Prototipi üretilmiş bir silah sisteminin seri üretimi için gerekli organizasyonu, hatta sahibi ve savunacak kimsesi olmayan savunma(sız) sanayiindeki yanlışlıkları sorgulamak için daha mantıklı yöntemler üretebileceğine inandığım Ali Mahir Başarır’ın sosyal linçe uğraması üzücüdür. Ordumuzun üzerinden savunma sanayiimizin bu tür kısır tartışmaların odağı haline getirilmesi daha da üzücüdür. Savunma sanayimizin dışa bağımlılığını azaltmak için TSKGV’nin kurulduğu günden bugüne, kamu yararına vakıf statüsü verilen birçok vakıfa kıyasla daha az desteklenmesinden milli kuruluşların teknoloji ve üretim yeteneklerini artıracak projeler üretilmemesine kadar birçok sorunlu alanı vardır. 
Ülkede olanın bitenin, sanki bir Tanrı buyruğuymuş gibi tartışılmaması bu ülkenin temel talihsizliğidir. Ya da tartışırken ortalığın savaş alanına dönmesi… Savunma Sanayiimizin Yeniden Yapılandırması çalışmasının, dönemin siyasilerinin değil, karar makamına yeni atanan bir askerin "ben bunu görmek istemiyorum" diyerek çöpe atmasının, bu çalışmalara başından sonuna yöneticilik etmiş bir başka askerin de bu konuda hiçbir somut adım atmadan görev süresini tamamlamasının faturasıdır yaşananlar. Ama bu nedenle başkaları taşlanıyor. Muhalefet iktidarı, iktidar muhalefeti, büyük bir gayret israfıyla taşlıyor.

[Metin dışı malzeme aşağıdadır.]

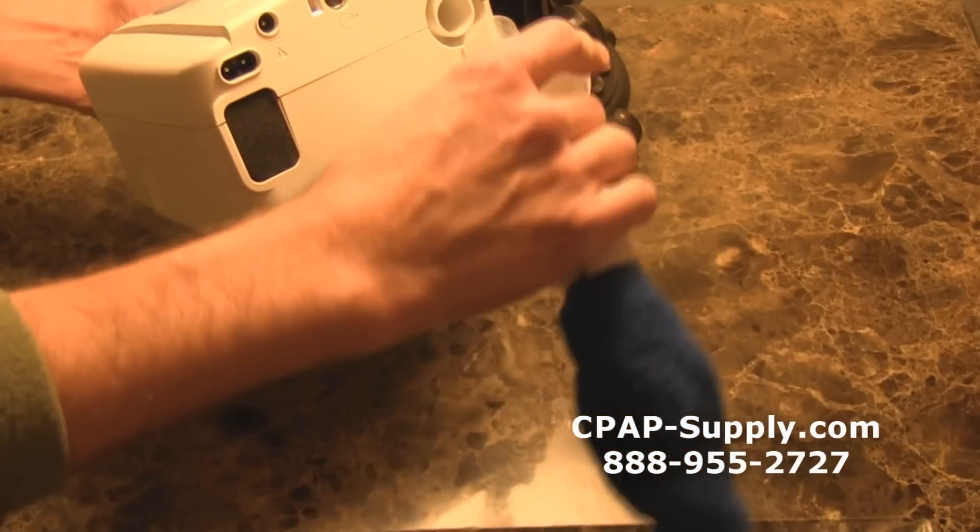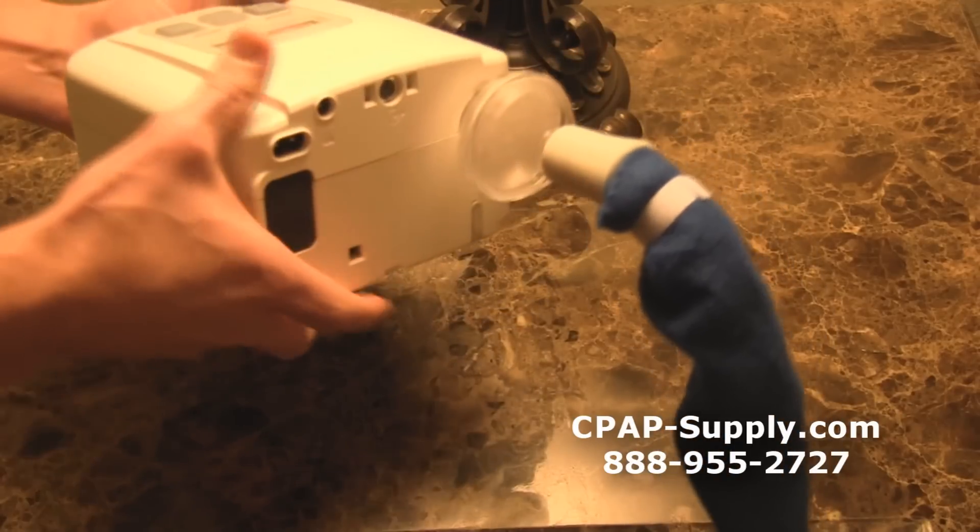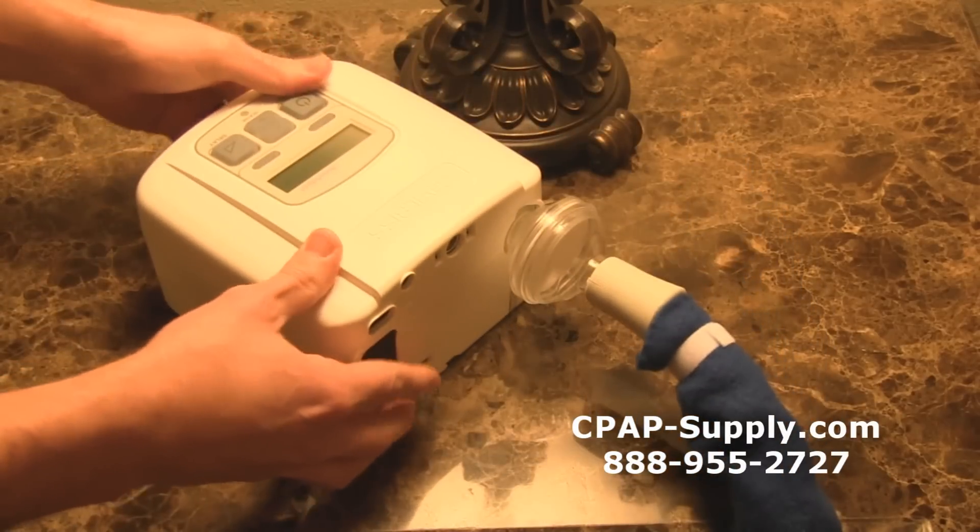The filter is compatible with most CPAP machines and all CPAP tubes. If you're looking for another layer of filtration in your CPAP setup, then look no further.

Konuyu kişiselleştirmemek için “karar makamına yeni atanan asker” dedim. Karar mekanizmalarının askerlik gibi doğası gereği "soba borusu" düzeninde çalışan sistemlerde" (bu benim tanımım değil, teşkilatlanma konusunu çalışırken organizasyon tipleri arasında sayılan “stove-pipe system organisation” kavramı…) askeri karar makamlarının doğası farklı alanlarda da aynı tarzda hareket etmesi eleştirdiğim. Karar makamındaki bir askerin "bunu istemiyorum" demesi sistem sorunudur! Tüm sorunlarımıza, bilimi ve aklı önceleyen tüm çağdaş yönetimlerde olduğu gibi, kişilerden ve olaylardan soyutlayarak, sistem temelli eleştiriler ve çözüm önerileri üretecek şekilde yaklaşmayı mutlaka başarmamız gerekmektedir. Savunma(sız) sanayiimizin gelişmesi için yaratıcı çözümlerine dün olduğundan daha çok ihtiyacımız vardır. Askerlerin ihtiyaç duydukları yetenekleri, mühendislerin ihtiyaçların karşılanma yöntem ve teknolojileri, kaynakları yönetenlerin tedarik için ihtiyaç duyulan kaynakları ülke gerçeklerine uyumlu bir şekilde ortaya koyabileceği çalışma sistemine ve bunları başaracak şirket büyüklüklerine ve yeteneklerine ulaşmak ortak amaç olmalıdır.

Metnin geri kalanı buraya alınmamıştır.